───── DATA EXTRACTS ─────

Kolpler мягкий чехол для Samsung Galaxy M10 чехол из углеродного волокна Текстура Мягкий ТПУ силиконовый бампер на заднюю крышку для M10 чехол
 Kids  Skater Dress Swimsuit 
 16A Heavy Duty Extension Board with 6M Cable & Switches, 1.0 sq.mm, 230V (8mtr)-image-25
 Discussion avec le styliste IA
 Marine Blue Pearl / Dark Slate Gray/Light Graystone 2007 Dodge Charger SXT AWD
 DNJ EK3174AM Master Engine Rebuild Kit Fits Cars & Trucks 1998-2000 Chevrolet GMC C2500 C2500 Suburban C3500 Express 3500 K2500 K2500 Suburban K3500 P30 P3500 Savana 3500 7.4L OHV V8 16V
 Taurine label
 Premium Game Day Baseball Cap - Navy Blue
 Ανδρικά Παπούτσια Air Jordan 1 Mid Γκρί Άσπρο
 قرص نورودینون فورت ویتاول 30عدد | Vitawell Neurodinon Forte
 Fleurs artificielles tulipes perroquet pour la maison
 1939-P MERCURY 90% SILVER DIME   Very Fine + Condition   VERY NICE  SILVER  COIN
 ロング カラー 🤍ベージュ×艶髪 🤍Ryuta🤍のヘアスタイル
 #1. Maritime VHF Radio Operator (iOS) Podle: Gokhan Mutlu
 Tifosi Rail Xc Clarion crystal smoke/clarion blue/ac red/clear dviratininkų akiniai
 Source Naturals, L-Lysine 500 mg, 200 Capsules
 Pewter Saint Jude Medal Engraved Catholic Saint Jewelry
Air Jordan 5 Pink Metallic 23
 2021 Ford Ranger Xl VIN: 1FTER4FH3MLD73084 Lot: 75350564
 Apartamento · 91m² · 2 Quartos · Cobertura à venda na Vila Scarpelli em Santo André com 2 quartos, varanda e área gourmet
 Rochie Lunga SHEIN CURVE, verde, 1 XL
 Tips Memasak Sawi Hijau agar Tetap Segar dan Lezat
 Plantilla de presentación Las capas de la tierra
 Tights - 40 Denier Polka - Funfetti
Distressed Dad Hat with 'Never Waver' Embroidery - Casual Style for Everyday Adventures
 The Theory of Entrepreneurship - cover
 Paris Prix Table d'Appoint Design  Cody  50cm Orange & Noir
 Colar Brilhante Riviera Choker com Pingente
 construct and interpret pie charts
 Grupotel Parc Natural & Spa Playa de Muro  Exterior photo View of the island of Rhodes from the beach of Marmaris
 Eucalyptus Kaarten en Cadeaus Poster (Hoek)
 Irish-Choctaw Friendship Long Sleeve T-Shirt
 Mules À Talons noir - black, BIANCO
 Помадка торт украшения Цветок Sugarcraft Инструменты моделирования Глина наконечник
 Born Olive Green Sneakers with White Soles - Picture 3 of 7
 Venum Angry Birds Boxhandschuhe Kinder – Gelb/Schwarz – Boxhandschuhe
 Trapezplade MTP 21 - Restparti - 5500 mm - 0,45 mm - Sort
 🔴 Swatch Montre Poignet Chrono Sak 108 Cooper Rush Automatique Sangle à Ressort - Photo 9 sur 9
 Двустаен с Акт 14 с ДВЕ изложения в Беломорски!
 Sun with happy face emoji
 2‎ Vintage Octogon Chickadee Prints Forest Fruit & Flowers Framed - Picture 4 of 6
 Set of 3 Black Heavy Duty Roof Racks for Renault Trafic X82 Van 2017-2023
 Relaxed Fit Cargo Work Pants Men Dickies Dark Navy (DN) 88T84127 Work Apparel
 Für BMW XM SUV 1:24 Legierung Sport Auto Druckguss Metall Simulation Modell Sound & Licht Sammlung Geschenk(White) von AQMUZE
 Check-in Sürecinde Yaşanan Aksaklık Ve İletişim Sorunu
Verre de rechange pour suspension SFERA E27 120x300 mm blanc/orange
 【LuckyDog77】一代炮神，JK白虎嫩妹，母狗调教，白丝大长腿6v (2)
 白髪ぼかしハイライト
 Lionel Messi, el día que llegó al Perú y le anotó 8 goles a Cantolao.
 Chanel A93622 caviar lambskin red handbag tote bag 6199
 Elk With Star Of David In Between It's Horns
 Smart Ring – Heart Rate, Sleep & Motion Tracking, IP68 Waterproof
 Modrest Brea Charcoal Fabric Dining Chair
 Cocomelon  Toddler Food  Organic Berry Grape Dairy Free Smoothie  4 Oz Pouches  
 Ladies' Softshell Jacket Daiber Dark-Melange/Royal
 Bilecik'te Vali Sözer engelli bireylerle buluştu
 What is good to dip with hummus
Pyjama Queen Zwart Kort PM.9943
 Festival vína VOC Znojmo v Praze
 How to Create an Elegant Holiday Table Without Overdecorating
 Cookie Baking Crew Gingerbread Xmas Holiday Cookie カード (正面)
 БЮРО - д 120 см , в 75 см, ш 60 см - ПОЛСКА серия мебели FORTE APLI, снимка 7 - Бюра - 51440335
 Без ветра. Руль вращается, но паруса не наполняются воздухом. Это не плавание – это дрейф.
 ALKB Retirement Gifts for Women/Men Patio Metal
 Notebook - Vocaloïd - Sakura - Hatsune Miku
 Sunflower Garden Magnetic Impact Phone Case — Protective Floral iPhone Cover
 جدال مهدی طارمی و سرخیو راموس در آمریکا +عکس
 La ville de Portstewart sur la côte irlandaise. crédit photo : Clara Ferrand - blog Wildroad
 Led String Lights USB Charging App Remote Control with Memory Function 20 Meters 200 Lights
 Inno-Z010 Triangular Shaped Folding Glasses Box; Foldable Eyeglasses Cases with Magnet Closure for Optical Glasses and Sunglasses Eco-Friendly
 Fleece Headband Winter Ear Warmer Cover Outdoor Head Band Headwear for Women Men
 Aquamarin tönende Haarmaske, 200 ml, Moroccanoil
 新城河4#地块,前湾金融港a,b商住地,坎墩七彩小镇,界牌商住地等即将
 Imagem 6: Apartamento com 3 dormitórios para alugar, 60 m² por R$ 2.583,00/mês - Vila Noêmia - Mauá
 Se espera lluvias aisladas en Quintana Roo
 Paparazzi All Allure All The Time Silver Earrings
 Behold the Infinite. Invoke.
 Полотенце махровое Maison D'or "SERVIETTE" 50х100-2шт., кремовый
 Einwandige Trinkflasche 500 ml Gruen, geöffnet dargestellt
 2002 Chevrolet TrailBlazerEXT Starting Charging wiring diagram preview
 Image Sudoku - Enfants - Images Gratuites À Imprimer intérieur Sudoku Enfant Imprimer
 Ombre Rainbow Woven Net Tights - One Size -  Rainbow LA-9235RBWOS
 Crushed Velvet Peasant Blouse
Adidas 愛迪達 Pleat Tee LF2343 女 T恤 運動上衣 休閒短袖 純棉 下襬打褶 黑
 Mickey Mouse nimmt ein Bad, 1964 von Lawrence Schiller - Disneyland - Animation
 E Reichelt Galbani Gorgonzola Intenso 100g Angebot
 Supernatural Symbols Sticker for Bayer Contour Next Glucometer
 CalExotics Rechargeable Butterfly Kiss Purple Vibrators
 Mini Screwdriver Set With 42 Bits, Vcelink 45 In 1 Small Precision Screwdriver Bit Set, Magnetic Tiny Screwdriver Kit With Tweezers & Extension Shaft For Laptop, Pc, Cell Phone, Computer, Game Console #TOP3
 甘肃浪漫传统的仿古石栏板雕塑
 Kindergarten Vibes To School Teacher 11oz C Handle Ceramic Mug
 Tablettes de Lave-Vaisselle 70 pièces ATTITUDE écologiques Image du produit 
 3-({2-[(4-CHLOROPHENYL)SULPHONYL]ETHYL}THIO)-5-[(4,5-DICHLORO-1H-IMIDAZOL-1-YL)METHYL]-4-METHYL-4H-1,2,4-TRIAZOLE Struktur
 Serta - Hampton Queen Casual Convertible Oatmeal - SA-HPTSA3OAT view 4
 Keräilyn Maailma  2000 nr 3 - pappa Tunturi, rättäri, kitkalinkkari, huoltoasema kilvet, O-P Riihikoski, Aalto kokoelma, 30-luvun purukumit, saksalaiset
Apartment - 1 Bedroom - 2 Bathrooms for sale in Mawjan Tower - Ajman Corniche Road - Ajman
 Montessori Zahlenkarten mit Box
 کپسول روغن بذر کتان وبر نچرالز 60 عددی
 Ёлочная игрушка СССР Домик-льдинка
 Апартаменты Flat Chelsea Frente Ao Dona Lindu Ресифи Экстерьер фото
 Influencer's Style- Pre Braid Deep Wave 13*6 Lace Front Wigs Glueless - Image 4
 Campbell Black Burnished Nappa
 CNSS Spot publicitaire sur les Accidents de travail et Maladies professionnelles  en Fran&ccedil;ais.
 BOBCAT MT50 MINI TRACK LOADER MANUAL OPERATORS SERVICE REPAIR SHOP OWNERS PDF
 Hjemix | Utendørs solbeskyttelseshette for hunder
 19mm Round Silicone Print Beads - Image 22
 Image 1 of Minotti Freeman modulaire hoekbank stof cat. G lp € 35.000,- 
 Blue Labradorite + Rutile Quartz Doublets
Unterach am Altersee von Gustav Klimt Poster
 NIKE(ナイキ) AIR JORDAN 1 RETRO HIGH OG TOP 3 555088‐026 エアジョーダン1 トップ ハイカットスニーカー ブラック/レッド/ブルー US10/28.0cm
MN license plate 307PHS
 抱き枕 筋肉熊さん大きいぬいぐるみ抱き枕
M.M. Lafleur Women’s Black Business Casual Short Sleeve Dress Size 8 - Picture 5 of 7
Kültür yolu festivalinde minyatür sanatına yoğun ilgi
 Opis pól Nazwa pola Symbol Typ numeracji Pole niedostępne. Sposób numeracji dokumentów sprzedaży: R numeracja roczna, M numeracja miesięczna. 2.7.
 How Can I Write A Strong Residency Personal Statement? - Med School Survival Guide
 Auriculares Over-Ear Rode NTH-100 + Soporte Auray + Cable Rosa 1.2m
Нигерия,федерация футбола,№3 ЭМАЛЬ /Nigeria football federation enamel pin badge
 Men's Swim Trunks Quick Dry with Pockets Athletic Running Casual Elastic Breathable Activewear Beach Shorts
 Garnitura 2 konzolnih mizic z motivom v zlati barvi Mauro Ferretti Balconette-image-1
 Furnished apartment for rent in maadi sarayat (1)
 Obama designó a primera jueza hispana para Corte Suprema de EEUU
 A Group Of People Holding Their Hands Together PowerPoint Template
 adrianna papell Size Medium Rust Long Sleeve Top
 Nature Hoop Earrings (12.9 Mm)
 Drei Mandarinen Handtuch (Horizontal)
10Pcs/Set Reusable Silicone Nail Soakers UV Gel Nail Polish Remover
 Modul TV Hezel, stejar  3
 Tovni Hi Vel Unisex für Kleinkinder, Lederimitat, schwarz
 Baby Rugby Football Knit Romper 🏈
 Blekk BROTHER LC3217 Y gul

─────

Only the span from the line with "M.M. Lafleur Women’s" through the final line of the records goes in the output, each line unchanged.

■ OUTPUT FOR THIS EXERCISE:
M.M. Lafleur Women’s Black Business Casual Short Sleeve Dress Size 8 - Picture 5 of 7
Kültür yolu festivalinde minyatür sanatına yoğun ilgi
 Opis pól Nazwa pola Symbol Typ numeracji Pole niedostępne. Sposób numeracji dokumentów sprzedaży: R numeracja roczna, M numeracja miesięczna. 2.7.
 How Can I Write A Strong Residency Personal Statement? - Med School Survival Guide
 Auriculares Over-Ear Rode NTH-100 + Soporte Auray + Cable Rosa 1.2m
Нигерия,федерация футбола,№3 ЭМАЛЬ /Nigeria football federation enamel pin badge
 Men's Swim Trunks Quick Dry with Pockets Athletic Running Casual Elastic Breathable Activewear Beach Shorts
 Garnitura 2 konzolnih mizic z motivom v zlati barvi Mauro Ferretti Balconette-image-1
 Furnished apartment for rent in maadi sarayat (1)
 Obama designó a primera jueza hispana para Corte Suprema de EEUU
 A Group Of People Holding Their Hands Together PowerPoint Template
 adrianna papell Size Medium Rust Long Sleeve Top
 Nature Hoop Earrings (12.9 Mm)
 Drei Mandarinen Handtuch (Horizontal)
10Pcs/Set Reusable Silicone Nail Soakers UV Gel Nail Polish Remover
 Modul TV Hezel, stejar  3
 Tovni Hi Vel Unisex für Kleinkinder, Lederimitat, schwarz
 Baby Rugby Football Knit Romper 🏈
 Blekk BROTHER LC3217 Y gul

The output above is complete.